### Dataset entries:
- Opening Delimiter -
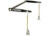 Rock Jock - Antirock Sway Bar 50in X 1in Kit - CE-9906-20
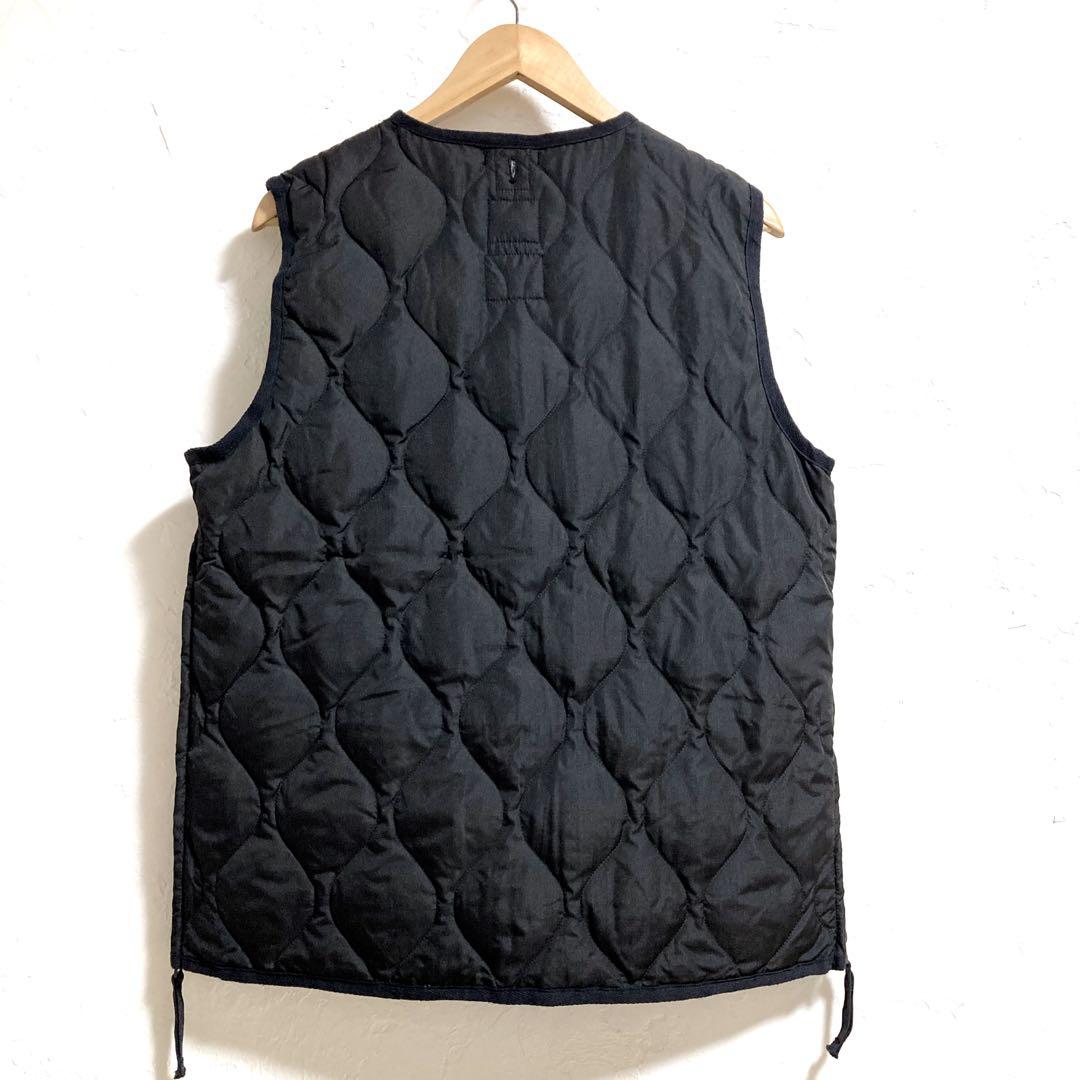 【新品タグ付き】TAION フーデッドコート ダウンベストセット　ブラック　L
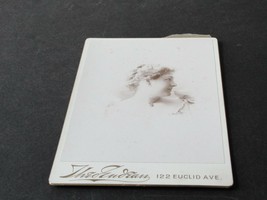 1890’s-Victorian Young Woman-Cabinet Photo by Endean, Theo., Cleveland, OH. - £9.59 GBP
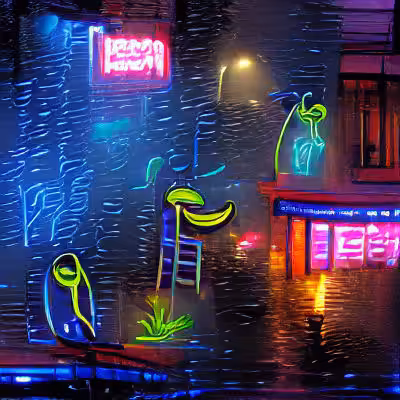 Neon Rain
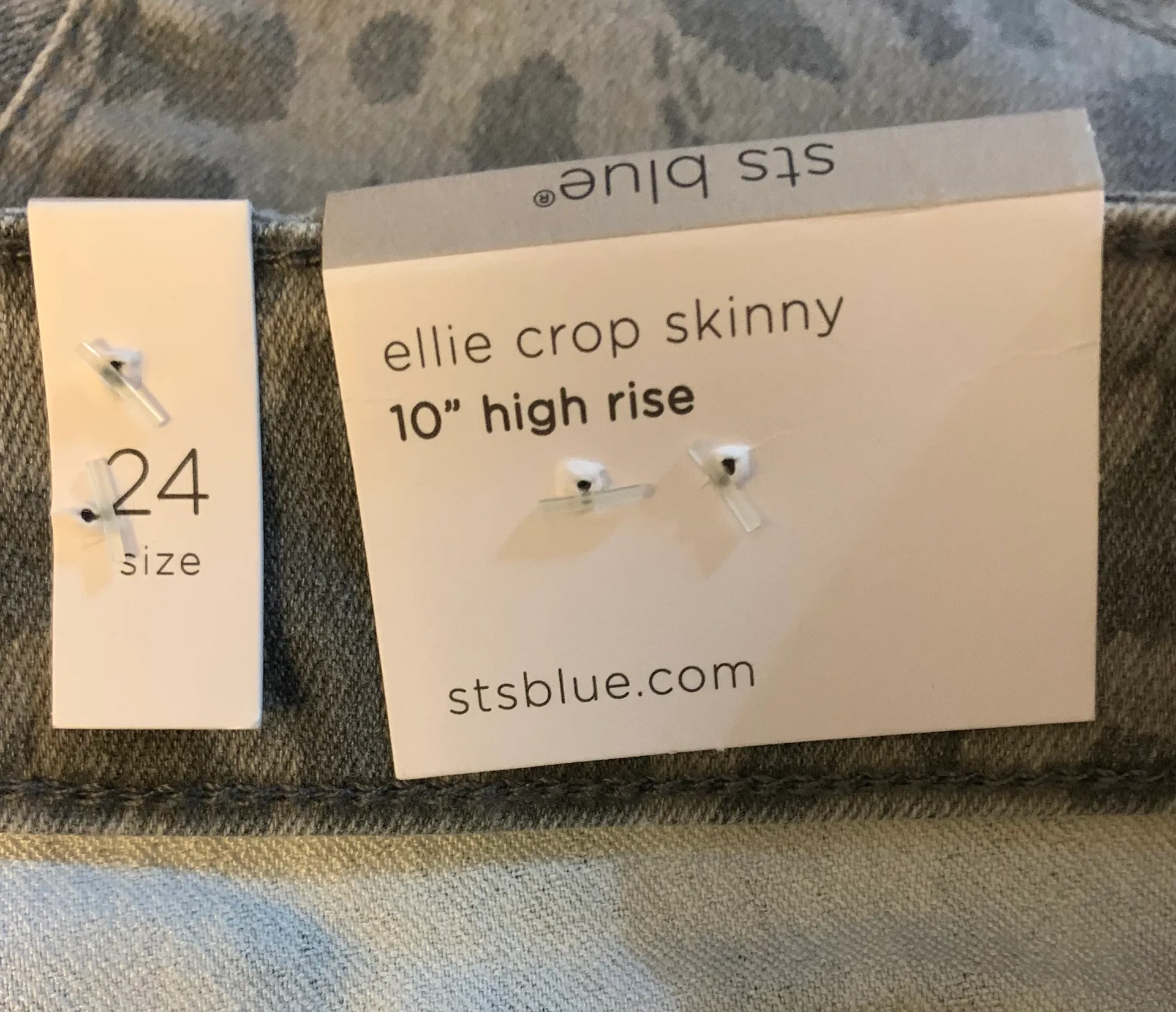 sts blue Ellie Crop Skinny Jeans - Image 10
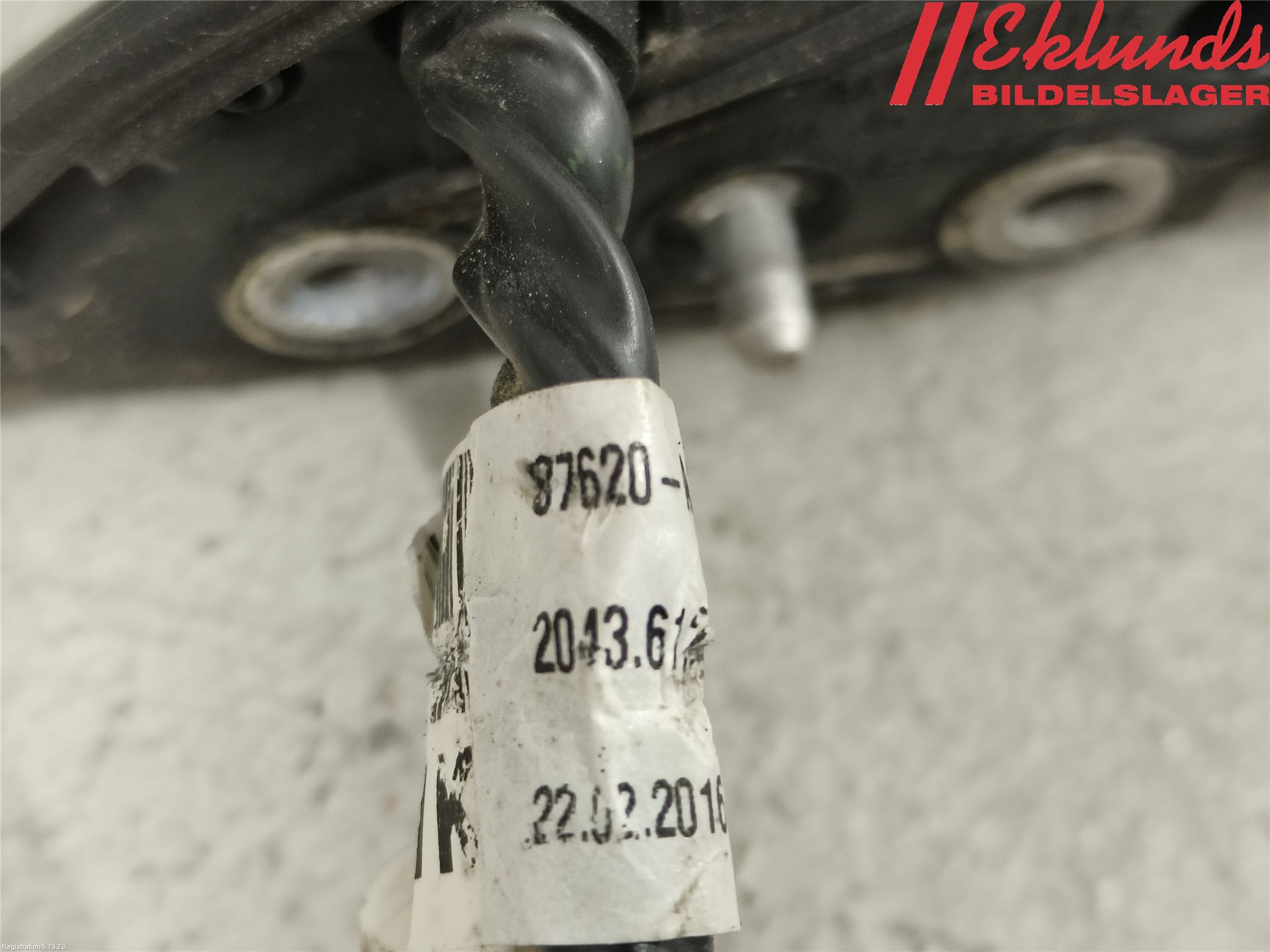 Kia CEED 12-18 Spegel Yttre El Hö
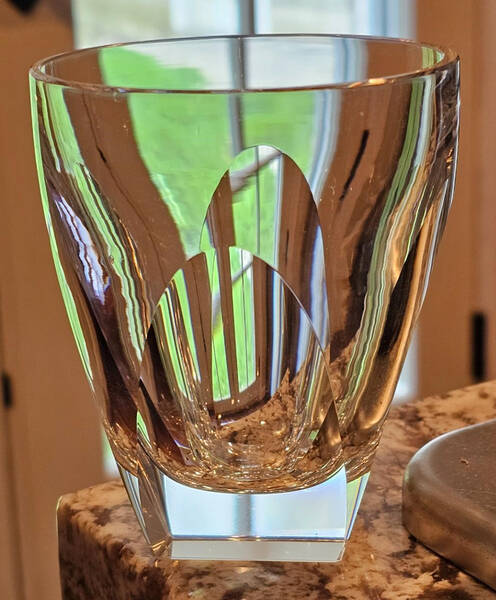 Q Cut Line Double Old Fashioned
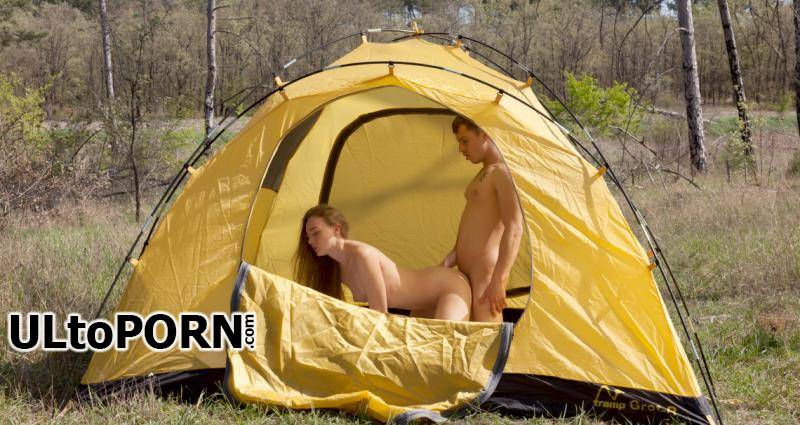 ClubSeventeen.com: Alex Diaz - Horny young couple fucking in a tent [1.69 GB / FullHD / 1080p] (Teen)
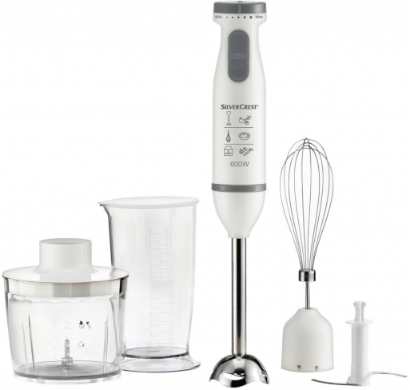 Silvercrest SSMS 600 E6 bílá recenze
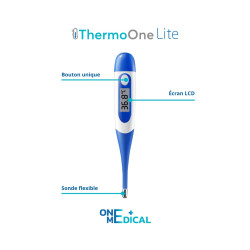 Thermomètre digital Thermo One Lite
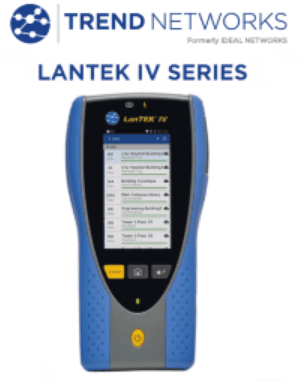 LANTEK IV-S Cable Certifier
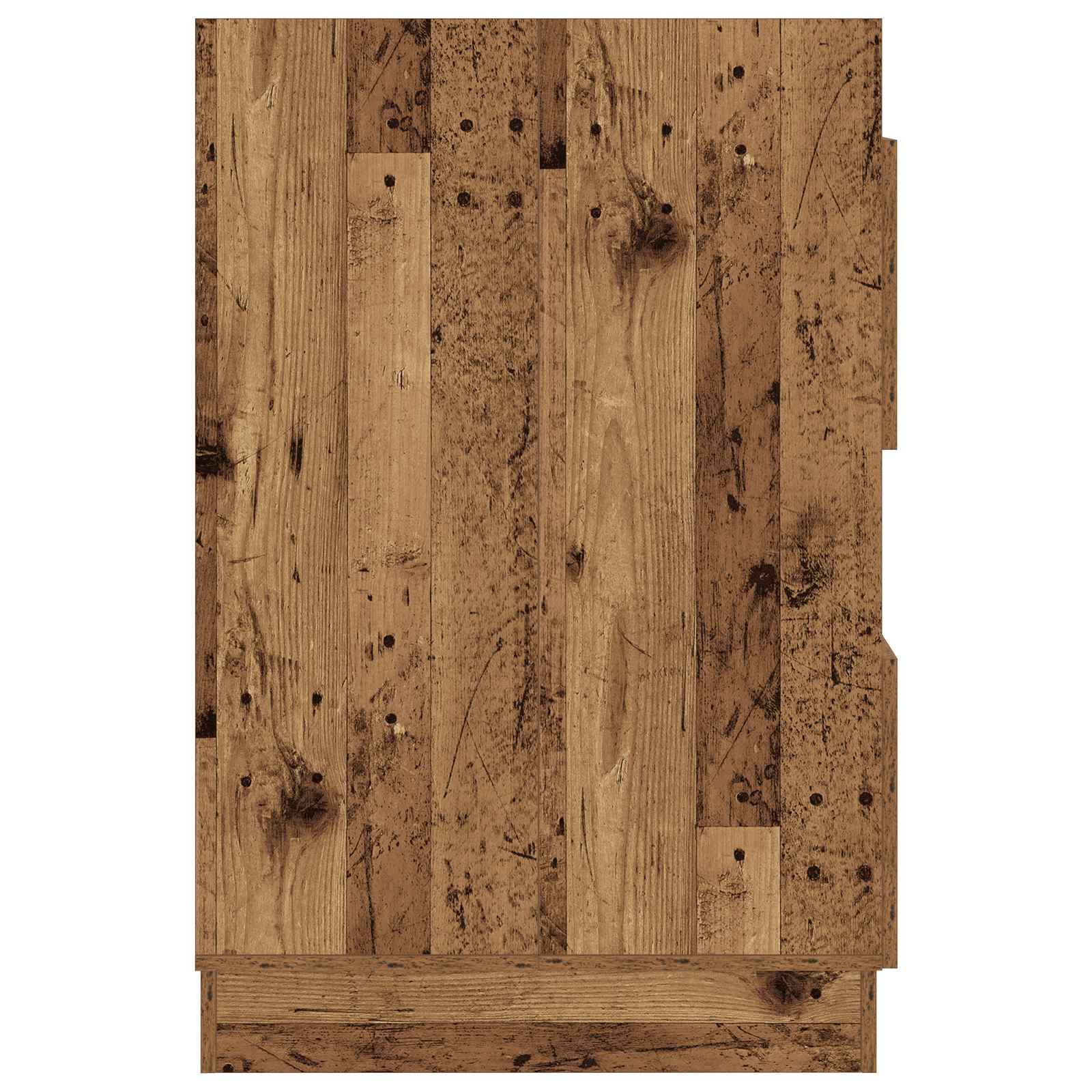 Ormar za pranje rublja s pohranom Staro drvo 50 x 68 x 102 cm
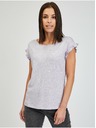 Orsay ORSAY halványlila női póló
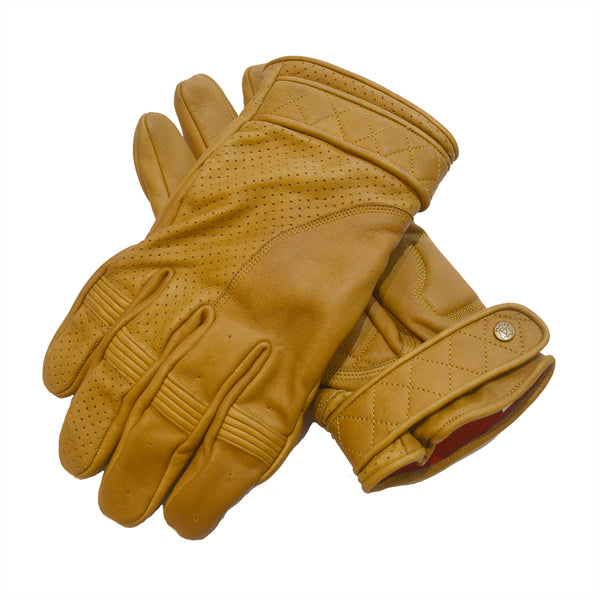 GOLDTOP Short Bobbers Gloves - Sand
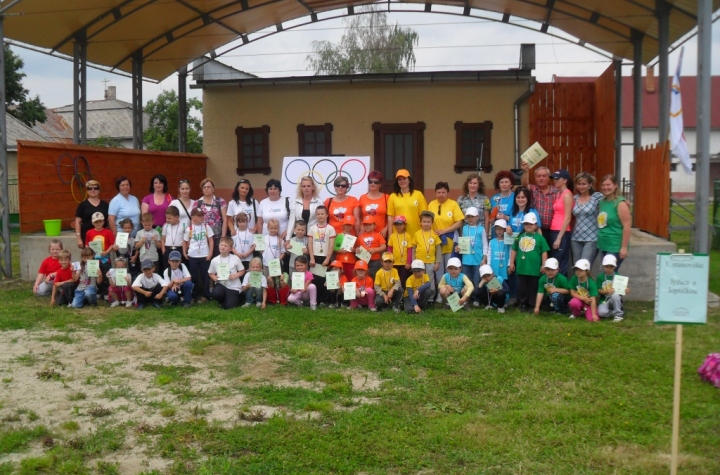 III. ročník regionálneho kola olympíjského festivalu detí a mlád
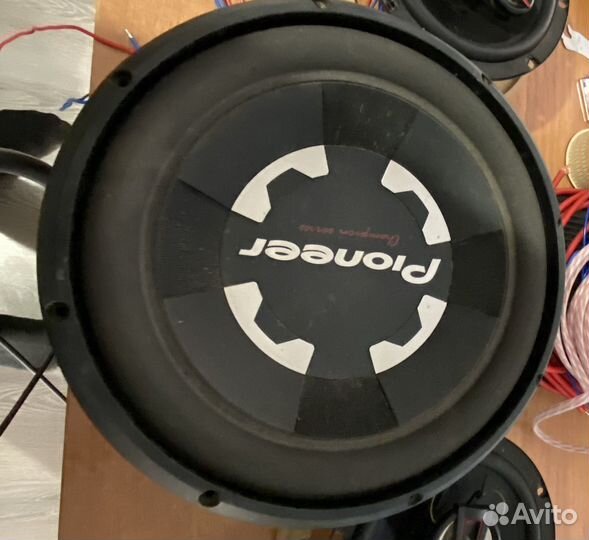 Сабвуфер pioneer 12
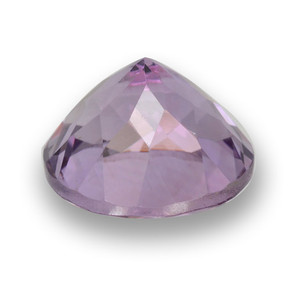 Ametista violeta natural 3,80ct, corte redondo, VVS-VS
- Closing Delimiter -
### Task details:
Without the pictures, extract every entry verbatim.

### Completed task:
 Rock Jock - Antirock Sway Bar 50in X 1in Kit - CE-9906-20
 【新品タグ付き】TAION フーデッドコート ダウンベストセット　ブラック　L
 1890’s-Victorian Young Woman-Cabinet Photo by Endean, Theo., Cleveland, OH. - £9.59 GBP
 Neon Rain
 sts blue Ellie Crop Skinny Jeans - Image 10
 Kia CEED 12-18 Spegel Yttre El Hö
 Q Cut Line Double Old Fashioned
 ClubSeventeen.com: Alex Diaz - Horny young couple fucking in a tent [1.69 GB / FullHD / 1080p] (Teen)
 Silvercrest SSMS 600 E6 bílá recenze
 Thermomètre digital Thermo One Lite
 LANTEK IV-S Cable Certifier
 Ormar za pranje rublja s pohranom Staro drvo 50 x 68 x 102 cm
 Orsay ORSAY halványlila női póló
 GOLDTOP Short Bobbers Gloves - Sand
 III. ročník regionálneho kola olympíjského festivalu detí a mlád
 Сабвуфер pioneer 12
 Ametista violeta natural 3,80ct, corte redondo, VVS-VS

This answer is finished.